• [DATA PROVIDED]
• • •

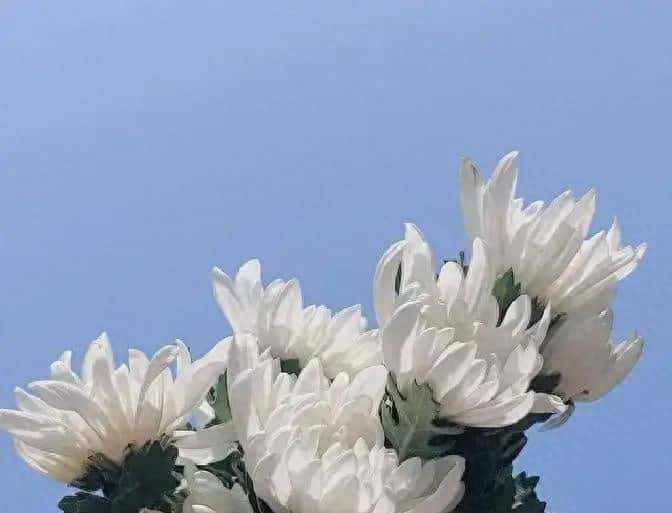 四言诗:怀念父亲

• • •

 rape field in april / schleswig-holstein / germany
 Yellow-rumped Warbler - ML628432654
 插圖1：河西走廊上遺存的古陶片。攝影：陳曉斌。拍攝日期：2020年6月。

• • •

• [ACTIVITY]
Beginning with the line containing "Yellow-rumped Warbler - ML628432654" and ending with the line containing "插圖1：河西走廊上遺存的古陶", extract those lines exactly from the listing above, and only those.

• [RESULT FOR THIS EXERCISE]
 Yellow-rumped Warbler - ML628432654
 插圖1：河西走廊上遺存的古陶片。攝影：陳曉斌。拍攝日期：2020年6月。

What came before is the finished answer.